Q-CTRL raises $35 million for quantum control

Sydney company Q-CTRL has raised $35 million (US$25 Million) in a Series B financing round Led by Airbus Ventures.

The company, whose software and hardware reduces noise and error in nascent quantum computing systems, will use the funds to develop new data-as-a-service markets powered by quantum sensing for acceleration, gravity, and magnetic fields.

Airbus Ventures is joined by a range of existing syndicate members in leading the investment round, including new investor Ridgeline Partners.

Airbus Ventures Tokyo partner Dr Lewis Pinault said: “The team’s impressive quantum control software suite enables speed and agility at a moment of rapid acceleration for the entire quantum industry.

“At Airbus Ventures, we’re particularly excited about Q-CTRL’s widening span of advanced applications and solutions, including lunar development, geospatial intelligence, and Earth observation, all increasingly critical in the global effort to address the accelerating planetary system crises we now face.”

The investment follows Q-CTRL’s oversubscribed Series A raising in July 2019 and is focused on the company’s addition of quantum sensing to its successful quantum computing business unit, and expansion of its core quantum control infrastructure software efforts.

The company is developing space-qualified quantum sensors via the Moon-to-Mars supply chain capability program and through the Australian Seven Sisters Consortium led by Adelaide nanosatellite company Fleet Space Technologies.

Its quantum sensing client portfolio already includes major commercial and government engagements with Advanced Navigation, the Australian Department of Defence, the Air Force Research Lab, and the Australian Space Agency.

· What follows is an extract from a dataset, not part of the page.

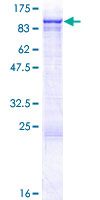 ab163041 on a 12.5% SDS-PAGE stained with Coomassie Blue.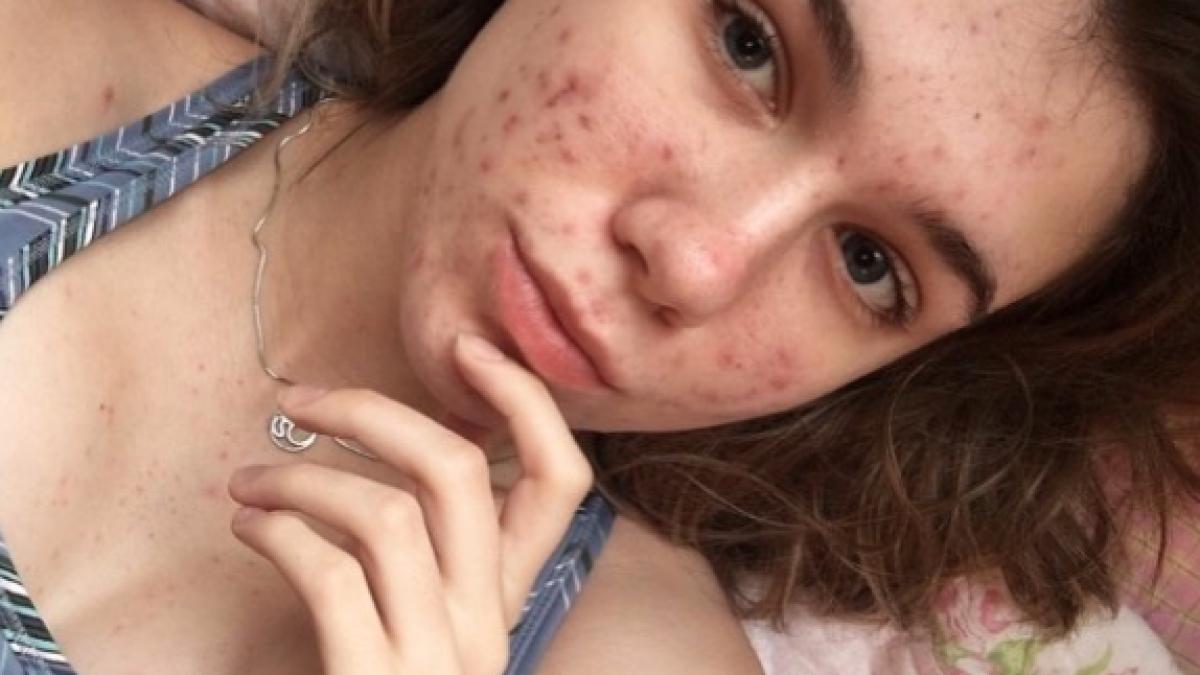 cand am fost admisa in spital mi s a spus ca mai am o zi pana sa orbesc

Q-CTRL CEO Professor Michael J. Biercuk said: “Quantum sensing uses the fragility of quantum hardware as an asset to enable new ways to measure underground water, monitor space weather, and navigate without a global positioning system.

“However, like quantum computing, interference from the outside world degrades system performance when quantum sensors are taken from the lab out into the field.

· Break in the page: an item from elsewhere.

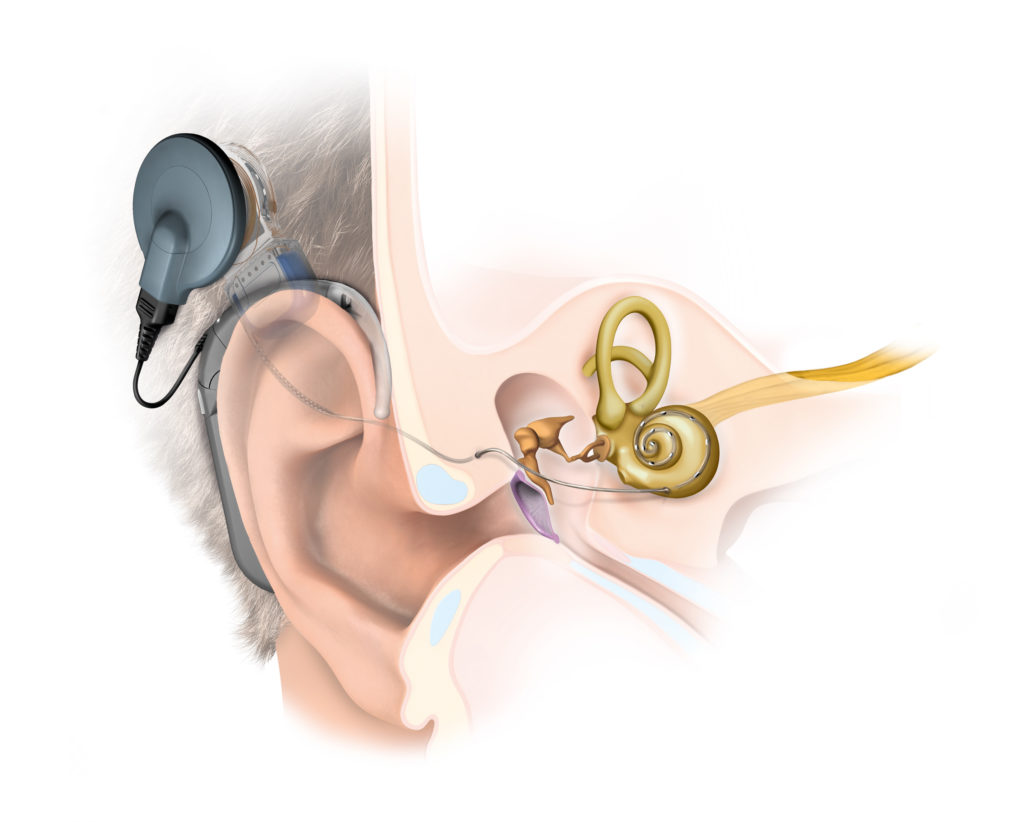 An image of a cutaway of a human ear with a cochlear implant attached. The image shows the internal and external portions of the implant.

“Combatting this degradation using quantum control is Q-CTRL’s specialty, and the team is now pioneering the development of ‘software-defined’ quantum sensors, leveraging our expertise to boost sensor performance in real field environments by orders of magnitude.”

Professor Biercuk said the new fundraise would accelerate its mission to deliver real value to the space, defence, and commercial sectors.